--- Recorded information ---
[Start of section]
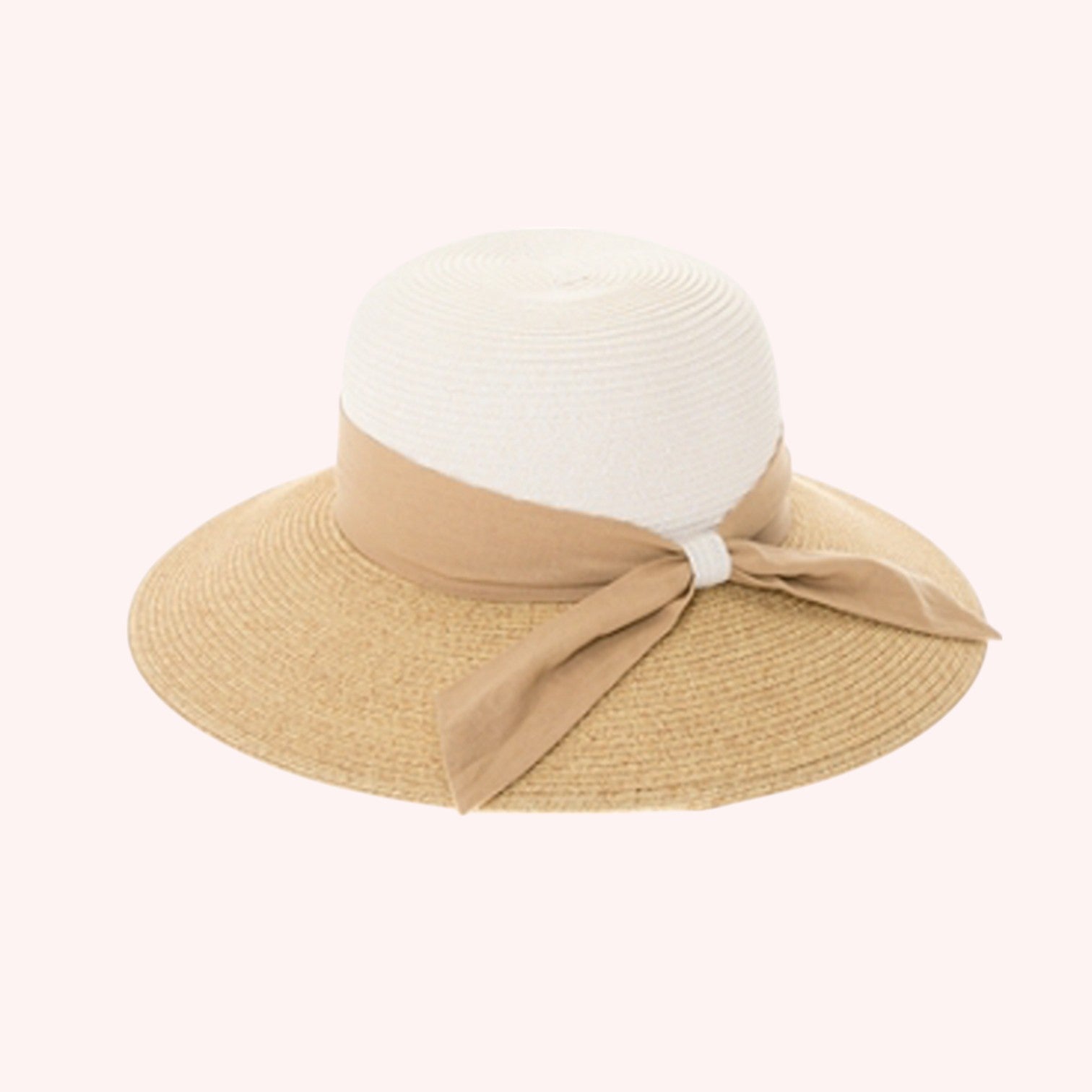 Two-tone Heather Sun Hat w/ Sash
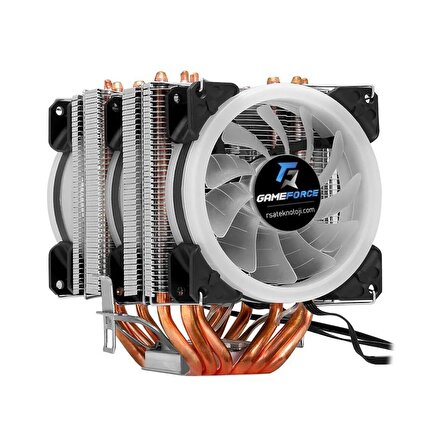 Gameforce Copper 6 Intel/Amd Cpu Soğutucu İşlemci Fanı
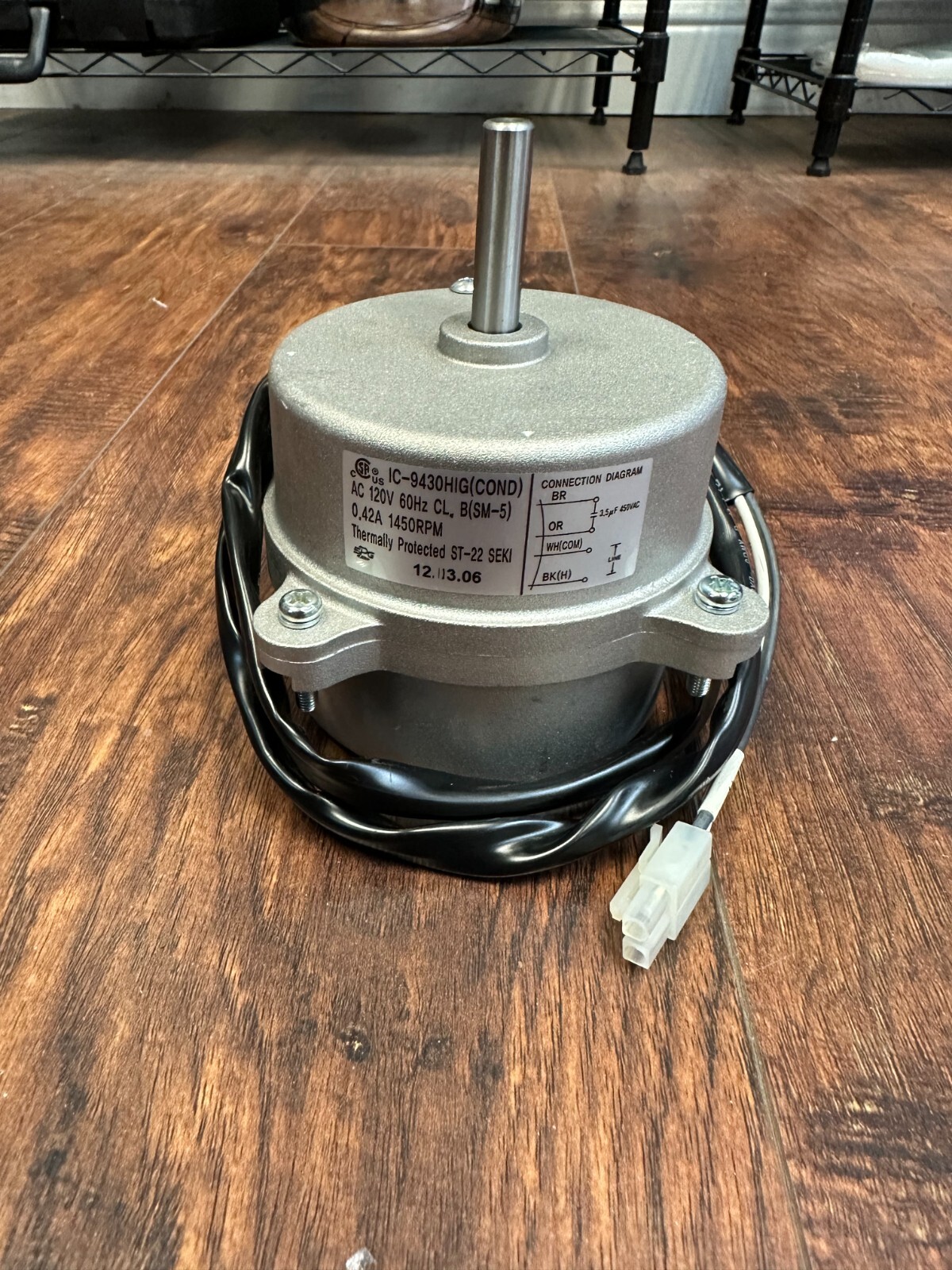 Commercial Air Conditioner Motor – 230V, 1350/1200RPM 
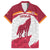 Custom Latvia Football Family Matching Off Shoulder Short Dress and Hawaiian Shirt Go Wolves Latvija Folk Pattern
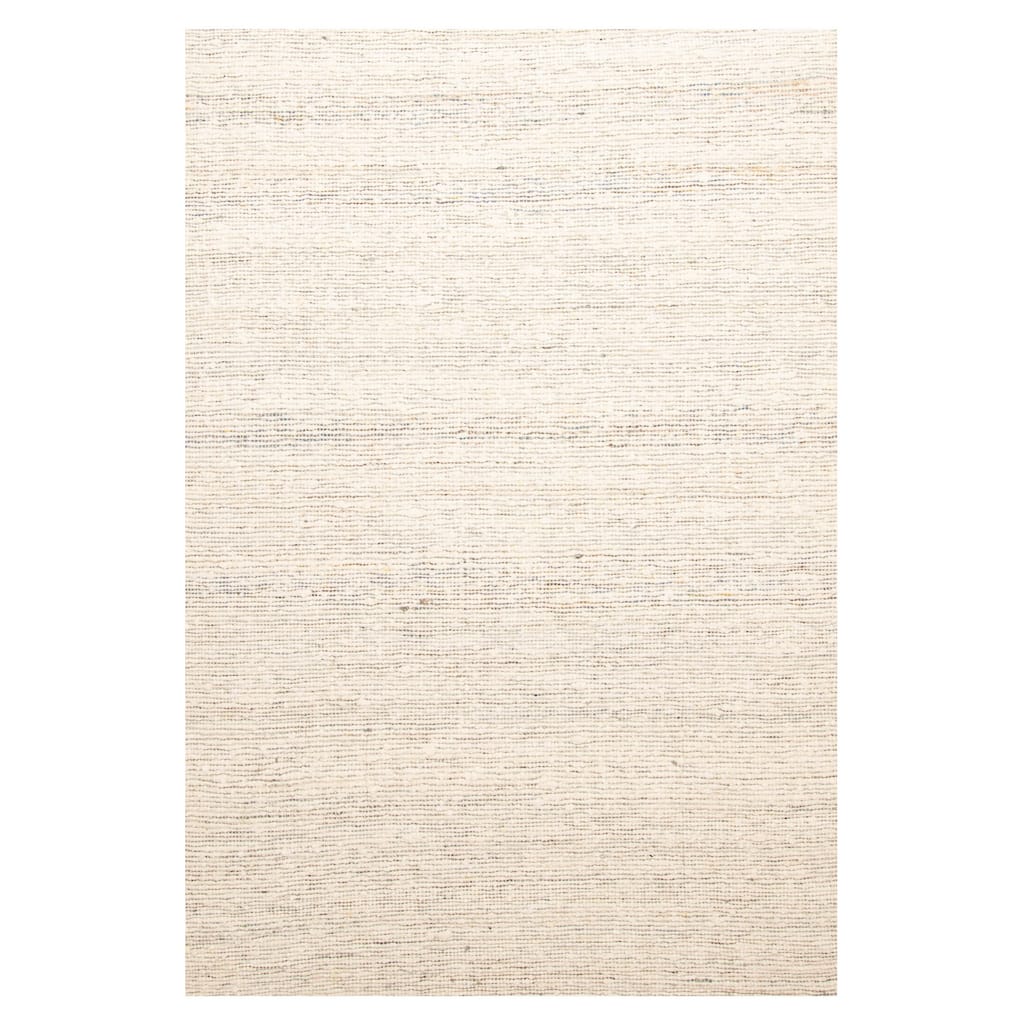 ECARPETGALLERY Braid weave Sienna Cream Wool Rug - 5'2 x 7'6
[End of section]
[Start of section]
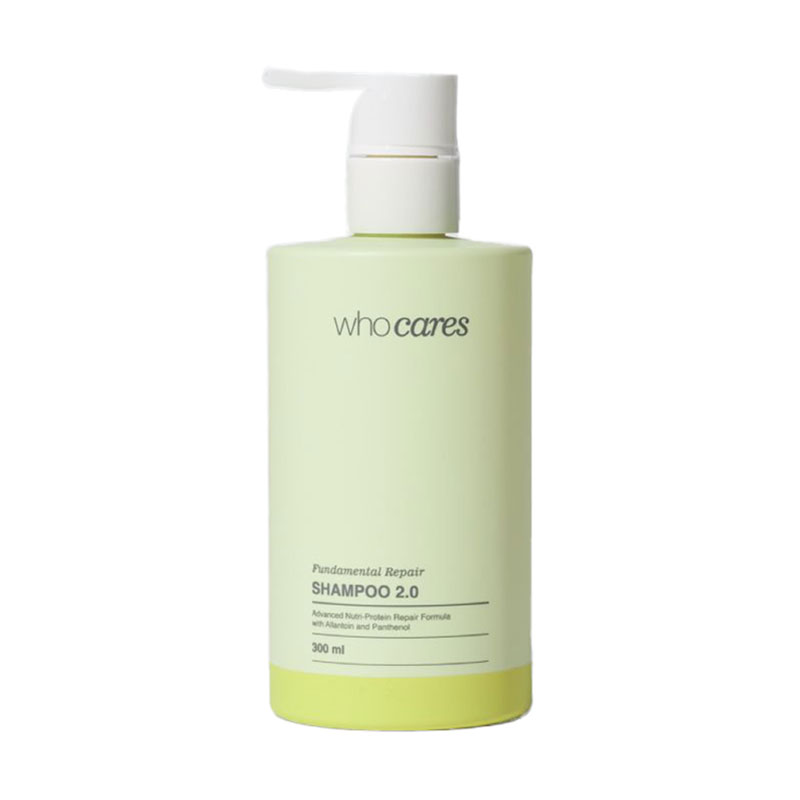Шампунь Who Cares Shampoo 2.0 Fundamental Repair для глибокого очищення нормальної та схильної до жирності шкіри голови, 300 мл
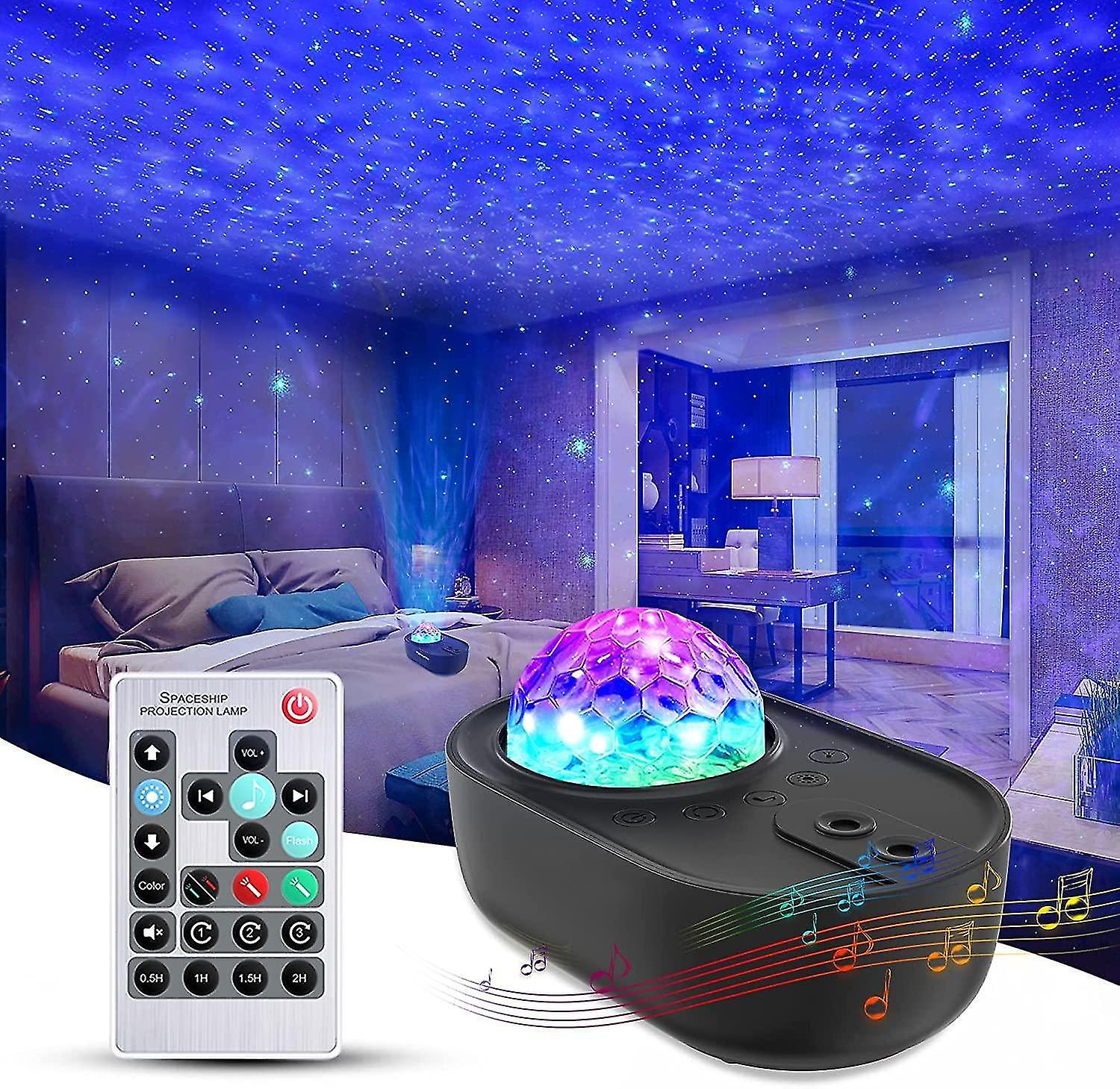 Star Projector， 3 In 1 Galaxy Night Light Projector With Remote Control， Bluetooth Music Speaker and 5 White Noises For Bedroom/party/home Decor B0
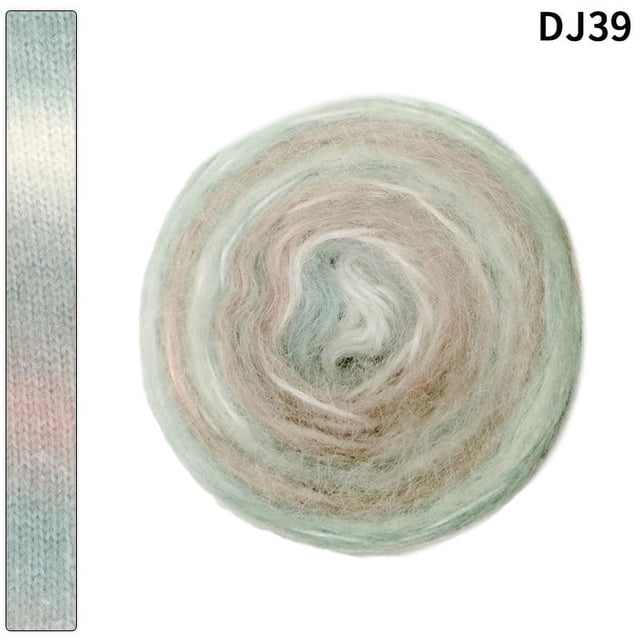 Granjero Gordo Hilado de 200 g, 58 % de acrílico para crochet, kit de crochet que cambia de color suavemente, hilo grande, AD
[End of section]
[Start of section]
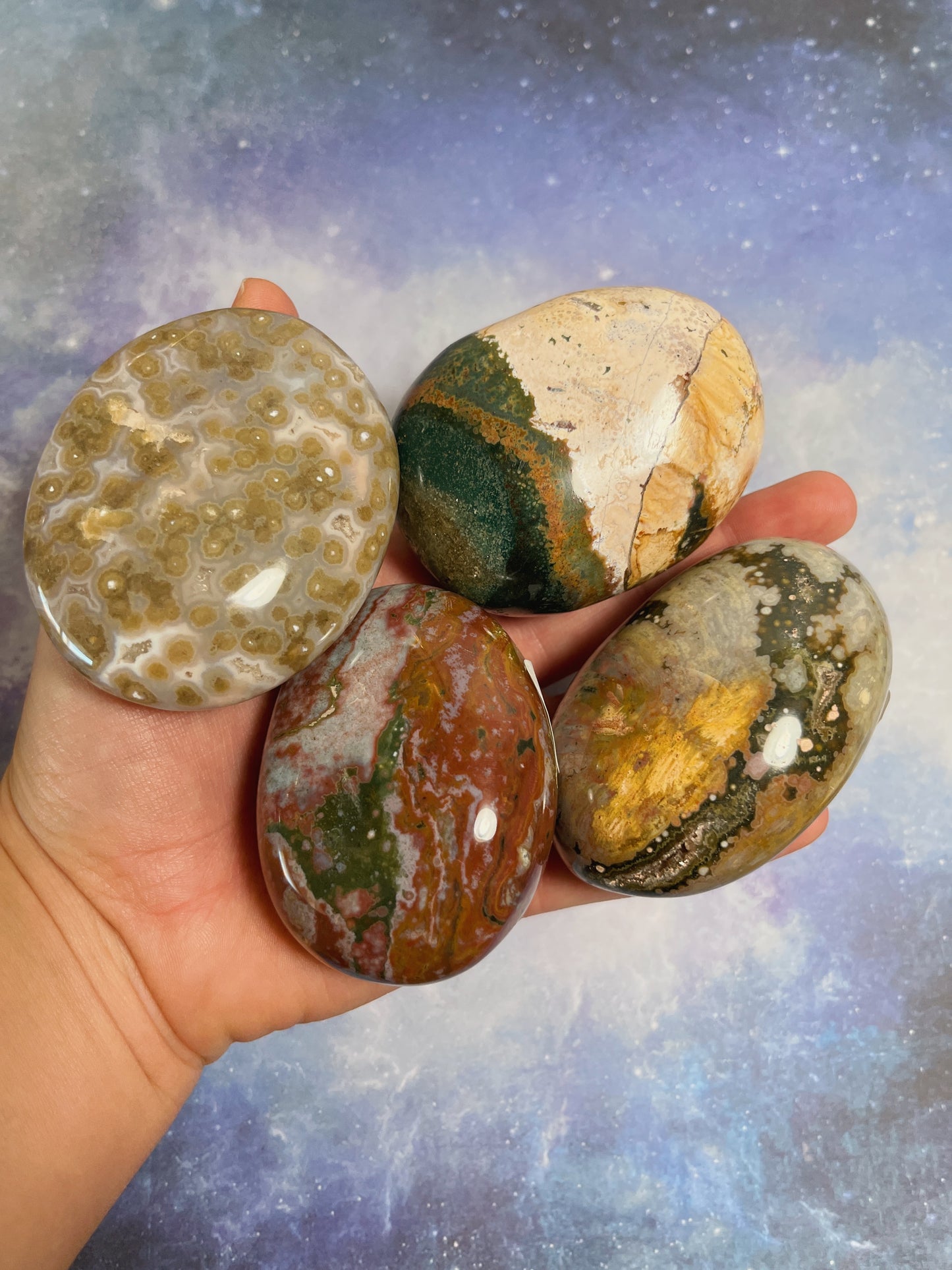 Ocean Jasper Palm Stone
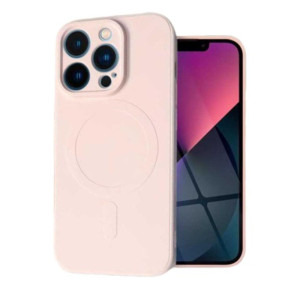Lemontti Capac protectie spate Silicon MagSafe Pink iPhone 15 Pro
[End of section]
Where a picture appears in the records above, omit it, and transcribe exactly the stretch of lines from the one with "Ocean Jasper Palm Stone" through the one with "Lemontti Capac protectie".

--- Task solution ---
 Ocean Jasper Palm Stone
Lemontti Capac protectie spate Silicon MagSafe Pink iPhone 15 Pro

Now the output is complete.